If Nintendo wants Mario Kart Tour to succeed, then It’s going to have to be Free to Play

If Nintendo wants Mario Kart Tour to succeed, then It's going to have to be Free to Play

So Mario Kart is finally coming to mobile.

Depending on your point of view, this is either the best or worst news imaginable.

After all, Mario Karts rank as either the most, or second most, popular Nintendo games for each console they’re released on.

One in 3 Wii owners bought Mario Kart Wii, while a fifth of 3DS owners have Mario Kart 7. And those Nintendo fanatics who bought a Wii U really loved Mario Kart 8 with over 60 percent shelling out for the game.

Yes, Mario Kart is popular, but Super Mario is pretty popular too and we all know how that played out when it came to mobile.

Partly the issue was Nintendo’s pigheaded “Free-to-Start” approach to Super Mario Run, which was to give players a small number of levels for free and then lock the rest of the fun behind a $10 paywall. In terms of gameplay, it made perfect sense. But in terms of how people play – and pay for – mobile games, it was a terrible decision.

The result was despite over 200 million downloads and generating up to $100 million in sales, Nintendo says Super Mario Run failed to make acceptable profits.

Certainly, subsequent mobile games – Fire Emblem Heroes and Animal Crossing: Pocket Camp – have adopted a more convention free-to-play model, with Fire Emblem proving to be a reasonable hit. It’s estimated to have generated around $200 million from 20 million downloads since it was released a year ago.

Revving up

So where does that leave us with Mario Kart Tour, which is due for release sometime before the end of March 2019?

Of course, Nintendo being Nintendo, it could decide it’s going to focus on gameplay above profits and follow the same Free-to-Start model adopted with Super Mario Run. After all, Nintendo is currently making so much money from Switch, its mobile business is now irrelevant.

But this would be a mistake, one that ignores the main reason Mario Kartis so popular – its social nature.

Mario Kart’s status as a much-loved game has come from generations of friends and family sitting down in front of their Nintendo console and playing together and enjoying how Mario Kart mashes up skill and random chance to make pretty much every race tense until the very end.
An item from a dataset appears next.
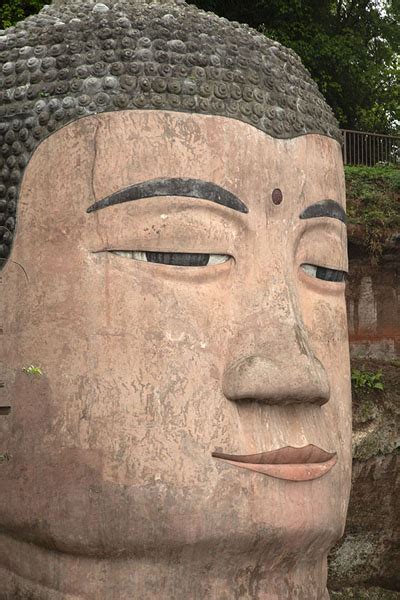 Close-up of the face of the Giant Buddha | Giant Buddha | Leshan | Travel Story and Pictures ...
Of course, everyone has a mobile phone so Mario Kart Tour has the potential to be the most social Mario Kart game ever, because every time friends meet up, they can all whip out their phones and play it together.
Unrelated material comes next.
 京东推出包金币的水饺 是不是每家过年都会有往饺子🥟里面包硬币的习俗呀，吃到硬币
Sure the Free-to-Start model could allow this with a social mode that anyone who downloads the game but doesn’t pay $10 for the unlock can access. But that approach has the potential to be divisive.

A much better option would to make everything in the game accessible to everyone, with additional content – especially high level characters, karts, skins etc – unlocked via time, money or a combination of the two.

That’s the free-to-play model in a nutshell.

Best ever?

This isn’t to say free-to-play’s focus on metagame and Mario Kart’s focus on gameplay will be easy bedfellows, though.

Giving players the ability to buy power-ups is a clear problem. Mario Kartas a play-to-win – or play-to-stop-someone-else-winning – game in which the richest player can buy the most blue shells wouldn’t be much fun at all.

Similarly, the most successful mobile F2P racing games have been energy-based drag racers like CSR Racing not karting games. Yet the moderate success of Rovio’s Angry Birds Go, released way back in 2013, demonstrates kart games can work well on mobile, while EA’s Real Racing 3 shows there remains plenty of interest in traditional racing gameplay on mobile.

And that’s why, despite a mobile free-to-play Mario Kart being unlikely to be the most loved Mario Kart ever, if handled with more skill than Nintendo has currently shown in its approach to mobile games, Mario Kart Tour has the potential to be the most played Mario Kart ever.